— Убивали Феликс и Дмитрий… Ради бога, приютите в своем дворце страдалицу нашу Анну Александровну Вырубову! Убийцы имеют проскрипционные списки. Распутин был первым номером, Вырубова — вторым, а вы, ваше величество, — третья!
Вслед за этим в Ставку полетели телеграммы, чтобы царь срочно выезжал в столицу, где жить стало страшно. «Если наш Друг жив, — причитала Вырубова, — он где-то в тиши молится за нас!» Великий князь Дмитрий нахально позвонил императрице, прося у нее разрешения к пяти часам приехать на чашку чая. Алиса отказала ему — без комментариев. Потом звонил и Феликс, испрашивая позволения приехать для объяснений, но нарвался на Вырубову, которая сказала, что объяснения он может изложить письменно. А на улицах столицы творилось нечто невообразимое: узнав о гибели варнака, незнакомые люди обнимались и шли ставить свечки в Казанский собор — перед иконой св. Дмитрия (намек на убийцу Дмитрия Павловича!). В длинных очередях возле бакалейных лавок слышалось: «Дождался… Собаке — собачья смерть!»
Я никогда не осмелюсь назвать убийство Распутина трагедией, но зато все дальнейшее напоминает мне забавный скетч…
Замышляя расправу, князь Юсупов сочинил нечто вроде благородного сценария в духе Оскара Уайльда, — Распутина хотели убрать «по-английски»

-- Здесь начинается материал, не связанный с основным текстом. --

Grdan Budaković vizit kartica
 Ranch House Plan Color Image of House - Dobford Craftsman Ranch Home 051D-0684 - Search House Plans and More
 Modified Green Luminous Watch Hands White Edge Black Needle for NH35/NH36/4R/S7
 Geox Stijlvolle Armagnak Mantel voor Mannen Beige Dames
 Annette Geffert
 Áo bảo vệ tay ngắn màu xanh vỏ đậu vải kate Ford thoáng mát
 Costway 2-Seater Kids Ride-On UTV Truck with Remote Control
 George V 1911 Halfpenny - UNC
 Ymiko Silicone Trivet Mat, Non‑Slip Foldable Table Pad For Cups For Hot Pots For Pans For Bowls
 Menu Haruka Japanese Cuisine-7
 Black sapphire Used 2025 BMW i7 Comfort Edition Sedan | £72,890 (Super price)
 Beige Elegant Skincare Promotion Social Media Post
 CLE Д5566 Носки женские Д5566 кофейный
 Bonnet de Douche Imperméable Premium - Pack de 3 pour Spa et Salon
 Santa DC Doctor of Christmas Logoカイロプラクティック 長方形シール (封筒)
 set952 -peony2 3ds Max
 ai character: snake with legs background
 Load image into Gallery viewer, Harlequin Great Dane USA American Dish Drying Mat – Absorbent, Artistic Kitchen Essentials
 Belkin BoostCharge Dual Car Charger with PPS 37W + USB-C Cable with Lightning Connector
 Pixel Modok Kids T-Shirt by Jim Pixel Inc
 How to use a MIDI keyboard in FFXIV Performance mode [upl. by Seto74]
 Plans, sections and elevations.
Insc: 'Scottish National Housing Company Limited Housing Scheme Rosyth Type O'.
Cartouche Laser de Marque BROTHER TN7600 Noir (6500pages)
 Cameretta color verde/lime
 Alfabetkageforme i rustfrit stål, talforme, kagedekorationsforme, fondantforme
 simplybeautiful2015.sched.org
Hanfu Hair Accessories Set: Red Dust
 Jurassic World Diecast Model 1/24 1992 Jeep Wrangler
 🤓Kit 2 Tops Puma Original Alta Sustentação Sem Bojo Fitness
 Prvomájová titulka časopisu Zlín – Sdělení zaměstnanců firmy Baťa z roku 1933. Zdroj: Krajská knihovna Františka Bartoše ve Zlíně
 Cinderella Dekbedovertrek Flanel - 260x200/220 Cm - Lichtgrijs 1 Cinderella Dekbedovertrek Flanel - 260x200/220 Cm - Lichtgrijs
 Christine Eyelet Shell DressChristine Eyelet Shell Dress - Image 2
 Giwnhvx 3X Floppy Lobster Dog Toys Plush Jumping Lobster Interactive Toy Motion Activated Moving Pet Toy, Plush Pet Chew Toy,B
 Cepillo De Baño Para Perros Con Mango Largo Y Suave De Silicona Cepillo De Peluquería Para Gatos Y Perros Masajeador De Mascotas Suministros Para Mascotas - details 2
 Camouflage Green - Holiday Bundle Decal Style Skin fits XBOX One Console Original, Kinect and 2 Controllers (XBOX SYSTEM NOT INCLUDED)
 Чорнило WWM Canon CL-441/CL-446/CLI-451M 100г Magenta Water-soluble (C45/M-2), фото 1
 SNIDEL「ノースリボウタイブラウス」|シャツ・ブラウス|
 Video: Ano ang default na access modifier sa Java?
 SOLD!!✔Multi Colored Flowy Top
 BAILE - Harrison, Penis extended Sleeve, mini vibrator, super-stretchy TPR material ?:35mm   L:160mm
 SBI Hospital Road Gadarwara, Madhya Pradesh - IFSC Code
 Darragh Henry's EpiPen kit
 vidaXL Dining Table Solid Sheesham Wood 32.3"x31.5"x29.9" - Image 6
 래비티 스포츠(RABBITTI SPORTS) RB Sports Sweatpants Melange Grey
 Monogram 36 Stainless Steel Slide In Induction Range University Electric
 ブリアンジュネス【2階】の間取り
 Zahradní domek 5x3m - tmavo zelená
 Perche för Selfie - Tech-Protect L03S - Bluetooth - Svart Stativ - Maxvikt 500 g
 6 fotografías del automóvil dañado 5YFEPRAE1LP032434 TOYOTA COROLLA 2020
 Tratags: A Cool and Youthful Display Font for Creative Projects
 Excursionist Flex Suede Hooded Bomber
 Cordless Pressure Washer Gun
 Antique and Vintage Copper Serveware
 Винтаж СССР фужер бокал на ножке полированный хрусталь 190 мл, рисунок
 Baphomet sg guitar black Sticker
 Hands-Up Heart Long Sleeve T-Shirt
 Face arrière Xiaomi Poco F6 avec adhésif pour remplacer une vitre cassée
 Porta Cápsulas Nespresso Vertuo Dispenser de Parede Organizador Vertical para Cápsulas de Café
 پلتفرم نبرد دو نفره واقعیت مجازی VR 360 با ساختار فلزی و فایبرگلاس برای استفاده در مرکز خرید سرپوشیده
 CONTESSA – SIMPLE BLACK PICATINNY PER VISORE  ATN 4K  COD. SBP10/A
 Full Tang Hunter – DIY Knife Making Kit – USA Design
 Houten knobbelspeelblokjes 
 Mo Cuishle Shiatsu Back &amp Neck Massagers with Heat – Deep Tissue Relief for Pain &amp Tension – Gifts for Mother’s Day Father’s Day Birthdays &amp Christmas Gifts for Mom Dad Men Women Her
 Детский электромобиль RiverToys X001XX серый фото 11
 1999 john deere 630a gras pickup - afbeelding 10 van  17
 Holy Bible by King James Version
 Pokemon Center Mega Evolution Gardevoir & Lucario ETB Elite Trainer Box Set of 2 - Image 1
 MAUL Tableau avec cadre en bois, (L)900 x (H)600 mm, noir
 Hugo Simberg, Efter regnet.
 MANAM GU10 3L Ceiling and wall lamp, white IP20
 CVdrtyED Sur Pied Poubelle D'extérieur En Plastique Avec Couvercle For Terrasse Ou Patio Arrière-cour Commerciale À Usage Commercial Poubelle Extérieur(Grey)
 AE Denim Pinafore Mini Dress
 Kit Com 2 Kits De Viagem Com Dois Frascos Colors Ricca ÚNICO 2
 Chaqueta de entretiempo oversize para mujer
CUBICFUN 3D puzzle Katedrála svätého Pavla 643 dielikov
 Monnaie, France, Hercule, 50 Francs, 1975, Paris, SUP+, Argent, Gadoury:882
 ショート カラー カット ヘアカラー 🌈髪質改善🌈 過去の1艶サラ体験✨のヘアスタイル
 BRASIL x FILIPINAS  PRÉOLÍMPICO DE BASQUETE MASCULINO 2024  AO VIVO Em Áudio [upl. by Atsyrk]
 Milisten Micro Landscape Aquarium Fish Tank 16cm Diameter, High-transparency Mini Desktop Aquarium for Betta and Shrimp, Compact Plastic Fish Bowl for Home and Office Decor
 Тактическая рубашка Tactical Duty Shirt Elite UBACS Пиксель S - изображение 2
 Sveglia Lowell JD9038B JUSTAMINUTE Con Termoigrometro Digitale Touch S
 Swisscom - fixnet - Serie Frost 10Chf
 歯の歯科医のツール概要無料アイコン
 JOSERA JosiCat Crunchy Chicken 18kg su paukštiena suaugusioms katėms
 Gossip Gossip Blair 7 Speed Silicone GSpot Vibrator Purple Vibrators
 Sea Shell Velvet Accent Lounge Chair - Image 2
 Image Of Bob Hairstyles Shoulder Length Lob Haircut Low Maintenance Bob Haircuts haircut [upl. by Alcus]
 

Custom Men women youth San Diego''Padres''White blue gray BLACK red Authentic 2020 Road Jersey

(чисто, без шума и полиции — одним ядом). А получилась какая-то мерзкая бойня, и пришлось скоблить стены и полы от крови… Юсупов велел слугам сжечь свою пропитанную кровью одежду, только пожалел сапоги:
— Я их разносил. Очень удобно сидят на ноге…
Полиция нашла ту собаку, на которую ссылались убийцы. С пулей в голове несчастная дворняжка (Феликс почему-то счел за благо выдать ее за породистую), конечно, не могла дать такого изобилия крови. Но полиция еще не ставила вопроса об убийстве Распутина — речь шла пока об исчезновении Распутина!
Пуришкевич весь день крутился по своим делам, готовя санитарный поезд к отправке под Яссы, автомобили уже загрузили на платформы, — тут его перехватил капитан Сухотин.
— Вас просит его высочество Дмитрий Павлович…
Пуришкевич приехал во дворец на Невском, где, кроме хозяина, сидел и Юсупов с такими синяками под глазами, что страшно смотреть. Оба еще не ложились спать. Перед ними кипел турецкий кофейник, стояли початые бутылки с коньяками — они дружно пили то коньяк, то кофе… Пуришкевич присел рядом.
— Заваривается кутерьма по первому рангу, — сообщил ему великий князь. — Распутина выдать за собаку не удалось. Но самое неприятное, что подозрения падают на нас.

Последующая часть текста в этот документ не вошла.